# Briefing

Challenge Authors use many words without definition. They are assumed to be known, which is true within a discipline but not when people cross over between computing. signal processing, automation, mathemaics, and other disciplines. Therefore it took me some time to triangulate several sources and pin down some core concepts. The briefint will focus on these.

## Feature Matching

In feature tracking, we use the time derivative to track each feature point once detected.

In feature matching, we compare images which are not necessarily related on the time axis. In other words, we need to compare features directly, and pair corresponding features in two independent images.

To identify features, we use feature descriptors. One of the most popular descriptors is called SIFT - Scale Invariant Feature Transform.

Unfortunately, this is not described in the textbook. For details, one can refer to Szeliski (2022) textbook, Chapter

The principle used by SIFT is to gather statistics from the neighbourhood around the feature point, forming a vector which is used as an identifier.

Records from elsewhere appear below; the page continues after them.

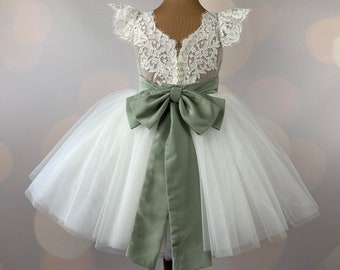 Flower girl dress, Sage dress, Birthday Dress, Baby Dress, Lace Dress, Tulle Dress, Wedding, MODEL IS004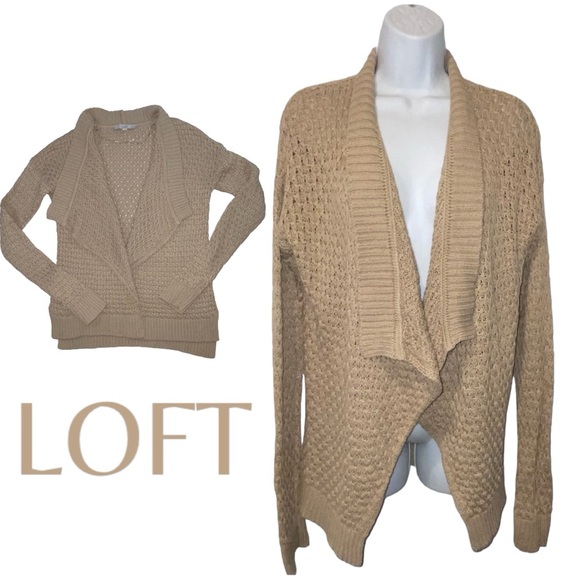 LOFT Sweaters - LOFT Tan Weave Open Cardigan Sweater - Women’s XL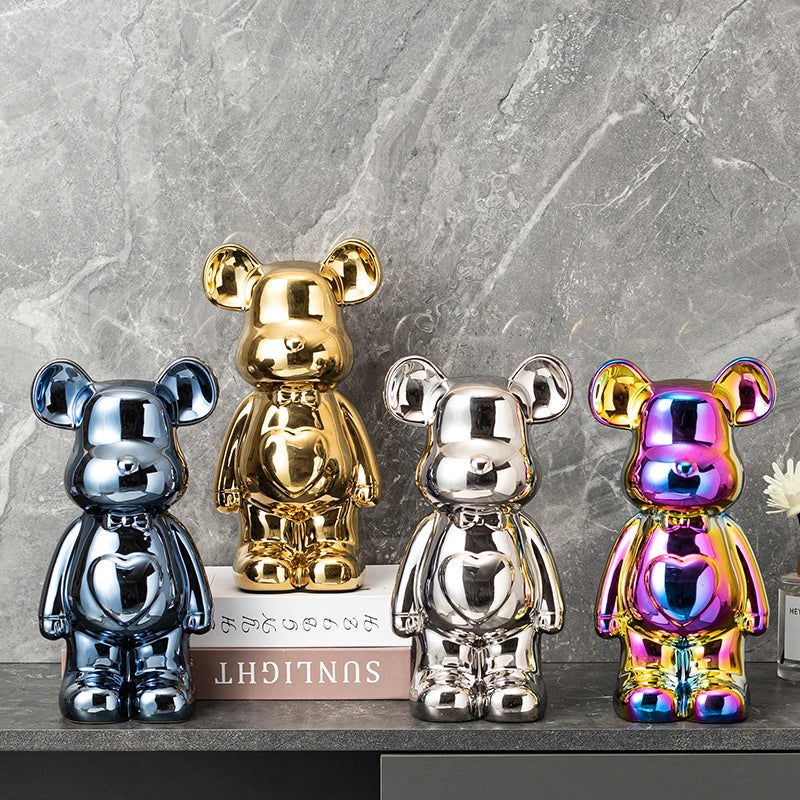 Love Bear Decoration Ceramic Crafts Wine Cabinet European Style The Little  Cartoon  Statue Kawaii Cartoon Figure Office Book Shelf Ornament Home Decorations 400% Bears Figurines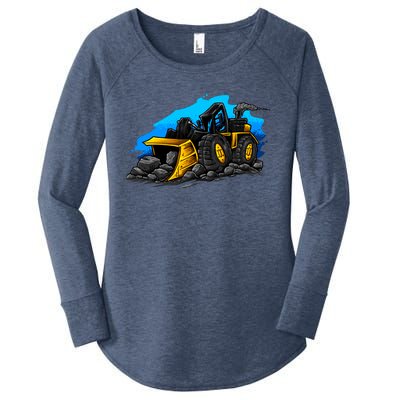 Cartoon Bulldozer Women's Perfect Tri Tunic Long Sleeve Shirt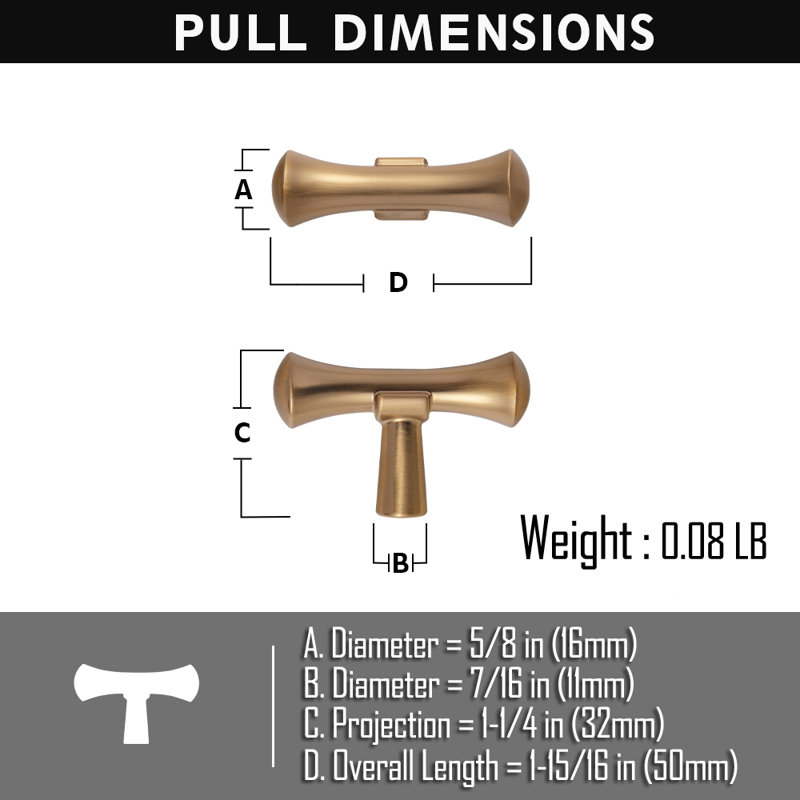 1 1/4"  Length  Knob Multipack, Champagne Brown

When we move to Chapter 5 of Ma’s, we will use feature matching to triangulate points in 3D, and determine there depth, that is their distance from the cameras.

## The Laplacian

The Laplacian is commonly used in image processing, even if I have not seen it as often in the machine vision literature. The idea is to use the second order derivative, $\nabla^2I(x,y)$ This is commonly approximated by one of the filters $\begin{bmatrix} 0 & 1 & 0 \\ 1 & -4 & 1 \\ 0 & 1 & 0 \end{bmatrix} \quad\text{or}\quad \begin{bmatrix} 1 & 1 & 1 \\ 1 & -8 & 1 \\ 1 & 1 & 1 \end{bmatrix}$ To avoid the problems of the small window size, we typically combine the Laplacian with a blurring filter, usually a Gaussian. Thus we compute $E = L*G*I$ where $$I$$ is the image, $$L$$ the Laplacian, and $$G$$ the Gaussian. Because of the associativity of linear operations, we have $E = L*(G*I)=(L*G)*I$ In other words, we can precaulcualte the Laplacian of Gaussian (LoG) filter $$L*G$$ as one filter.

## Gaussian Scale Space

1. The image is a 2D matrix/signal $$I(x,y)$$.
2. When we smoothen this by a Gaussian, we take a Gaussian function $$G(x,y,\sigma)$$ for some standard deviation $$\sigma$$, and calculate the convolution $L(x,y,\sigma)=G(x,y,\sigma)*I(x,y)$
3. We can read this a 3D signal/tensor, i.e. we have a space in $$x$$, $$y$$, and $$\sigma$$ co-ordinates.
4. Calculate the difference of Gaussian images $D(x,y,\sigma) = L(x,y,k\sigma)- L(x,y,\sigma)= [G(x,y,k\sigma)-G(x,y,\sigma)]*I(x,y)$
5. This is also a tensor image.
6. Each pixel in the tensor has 26 immediate neighbours, that is, forming a cube of 27 pixels.

## Corner Detection

Lowe use two criteria to identify corners. Robust corners must satisfy both. Let the Hessian of the difference image be $H= \begin{bmatrix} D_{xx} & D_{xy} \\ D_{xy} & D_{yy} \end{bmatrix}$ Note that the Hessian is different from the matrix of differentials used in the Harris detector, but the logic is still similar. In both cases the eigenvectors show edges.

1. Select pixels which are maximal or minimal within their $$3\times3\times3$$ neighbourhood in scale space.
2. Reject pixels for which $$\mathsf{Tr}(H)^2/\mathsf{Det}(H)>10$$.

This does well in practice but is not as well founded theoretically as the Harris detector.

## Descriptors

1. Calculate the gradient in each pixel in a neighbourhood.
• Calculated in the same scale where the corner was detected.
3. Dominant orientation can serve as a descriptor.
4. Danger: small gradients make an unreliable descriptor.
5. Lowe (SIFT) uses a histogram of the orientations.

## Considerations

1. How many octaves?
2. How many sub-octaves?
3. What $$\sigma$$s do we use in the Gaussian?
4. How large neighbourhood do we use (SIFT uses $$16\times16$$?
5. What fall-off function do we use over the neigbourhood?
6. What bins do we use in the histogram?

There are so many steps in the SIFT calculations that implementations are likely to differ.